Au sud-ouest de la capitale économique, les strates géologiques semblent immobiles, figées depuis des millénaires. Pourtant, il suffit de gratter quelques centimètres de sédiments pour faire surgir un autre monde, celui où apparaissent les premières traces de l’occupation humaine la plus ancienne au Maroc. À la carrière Thomas I, les archéologues exhument chaque année des milliers de fragments, éclats, galets et outils. C’est dans cet univers qu’un récit prend forme, celui d’une humanité capable de penser, choisir, anticiper et transmettre.
Les recherches menées sur l’unité L de la carrière Thomas I constituent aujourd’hui la base la plus solide pour comprendre l’Acheuléen ancien en Afrique du Nord. Les travaux révèlent un éventail technique d’une diversité rare: grands outils façonnés, petits éclats débités avec diverses méthodes, lamelles fines obtenues par des procédés étonnamment précis.
Pour le professeur Abderrahim Mohib, auteur d’une récente étude consacrée aux comportements techniques dans l’Acheuléen ancien nord-africain de la carrière Thomas I, ce degré de sophistication est la preuve que déjà, il y a plus d’un million d’années, les premiers habitants de la région maîtrisaient une science intuitive de la matière.
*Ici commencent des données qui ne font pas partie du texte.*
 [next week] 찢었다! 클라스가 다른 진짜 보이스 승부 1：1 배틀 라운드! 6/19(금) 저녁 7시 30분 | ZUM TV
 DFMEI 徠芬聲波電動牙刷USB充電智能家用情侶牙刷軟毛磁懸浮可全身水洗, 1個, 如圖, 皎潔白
Ce que l’Acheuléen révèle sur nos ancêtres
Pour saisir la portée de ces découvertes, il faut comprendre ce qu’est réellement l’Acheuléen. Le mot peut sembler abstrait, presque savant, mais il désigne l’une des plus grandes révolutions techniques de l’histoire humaine. Il s’agit d’une culture préhistorique du Paléolithique caractérisée par la fabrication de grands outils en pierre taillée.
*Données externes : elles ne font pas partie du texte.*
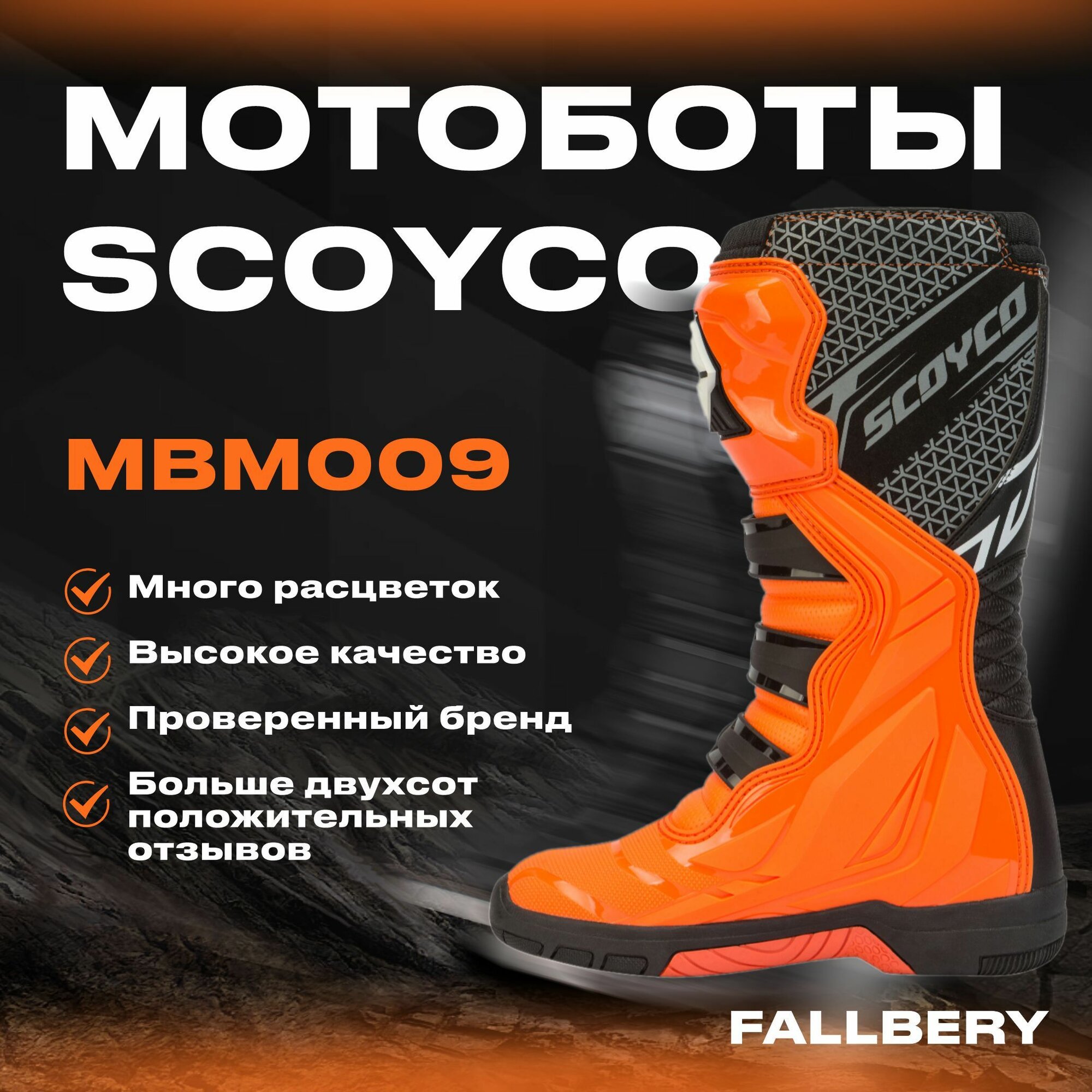 Мотоботы Scoyco MBM009 ENDURO SERIES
Avant l’Acheuléen, les outils étaient obtenus par percussion simple, un bloc frappé contre un autre pour obtenir un éclat tranchant. Cette méthode, bien que fonctionnelle, restait aléatoire. Rien n’était véritablement planifié. Avec l’Acheuléen, l’humanité entre dans une autre dimension. Le geste devient réfléchi, organisé, anticipé. La pierre cesse d’être un simple caillou. Elle devient matière à sculpter.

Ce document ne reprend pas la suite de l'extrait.